難関大学(早慶上理・難関国公立)志望の人
標準問題に慣れたうえで、応用問題にも対応する力が必要です。同じ大数シリーズの『スタ演』に進み、文系数学の応用問題に慣れるようにしましょう。
入試で頻出のパターンをしっかり押さえ、解答スピードを意識しながら演習することで、得点力を磨き上げてください。
最難関大学(東大・京大・一橋大)志望の人
最難関大学を目指す場合には、基礎から標準を固めたうえで、さらに高度な応用力をつけることが求められます。

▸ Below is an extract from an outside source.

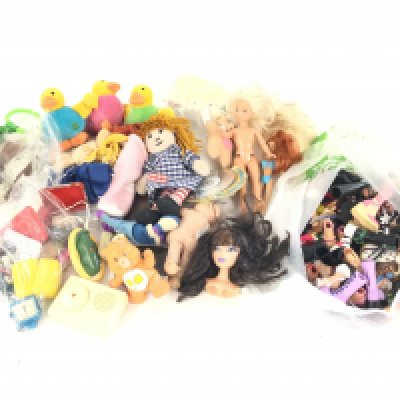 A box containing a large quantity of mostly dolls accessories such as Bratz and Barbie.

最終的には『文系数学の良問プラチカ』『上級問題精講』『ハイレベル数学完全攻略』といったハイレベルな問題集を活用し、対応力をみにつけられると理想的です。
※『スタ演』の後は一旦過去問演習です。過去問に実際に触れてみて、必要性を感じた場合のみさらにハイレベルな問題演習に時間を使うようにしてください。
『1対1対応の演習』まとめと活用の極意
『大学への数学 1対1対応の演習』は、受験数学において多くの受験生から支持される参考書です。特に、GMARCHや旧帝大、早慶といった中堅から難関大学を志望する人にとって、効率的に入試問題を解く力を身につけることができる実用性の高いシリーズといえます。
『1対1』の大きな特長は、問題が厳選されている点です。青チャートのように膨大な問題をこなすスタイルではなく、入試に必要な典型問題を中心に効率的に学べる構成が魅力です。無駄を削ぎ落とした問題選定により、少ない問題数でも効果的に実力を伸ばすことができます。また、例題と演習題が1対1で対応していることで、理解した解法を次の段階で実際に使いこなす練習ができ、ただ解法を暗記するのではなく、考える力を身につけることが可能です。
効果的な使い方として、まず1周目では「理解すること」を最優先してください。例題に取り組み、解答に詰まった場合には前文をしっかり読み込み、問題の意図や解法の流れを掴みます。解説を確認しながら、答えを合わせるだけで終わらせるのではなく、なぜその解法が有効なのかをじっくり考えることが大切です。そして、2周目以降は演習題を中心に取り組みながら、時間を意識した実戦的な練習を行います。このプロセスを繰り返すことで、受験本番で求められる「限られた時間で解答を仕上げる力」を身につけることができるでしょう。
ただし、『1対1対応の演習』は基礎力が整っている人を対象としています。基礎問題でつまずく段階の人には難易度が高いため、無理に取り組むのは避けるようにしてください。基礎が不十分な場合は、まず『プレ1対1対応の演習』などで基礎力を固めてから挑戦するようにしましょう。基礎が整っていない状態で取り組むんでも、効果を最大限に引き出すことが難しく、時間の無駄使いになります。
難関といわれる大学を志望する場合には、『1対1』を終えた後の学習の進め方も重要になります。『新数学スタンダード演習』や『数学ⅢCスタンダード演習』へのステップアップにより、実践的な問題演習を積み重ねるのが有効です。最難関大学を目指す場合には、『新数学演習』や『上級問題精講』を取り入れることで応用力を磨くとよいでしょう。
『1対1対応の演習』は、効率的に数学力を伸ばすための強力な味方です。基礎が整ったうえで『1対1』を最後まで仕上げることができれば、大学入試の数学で求められる思考力を十分に身につけることができます。志望校合格への道を切り開くために、ぜひ活用してみてください。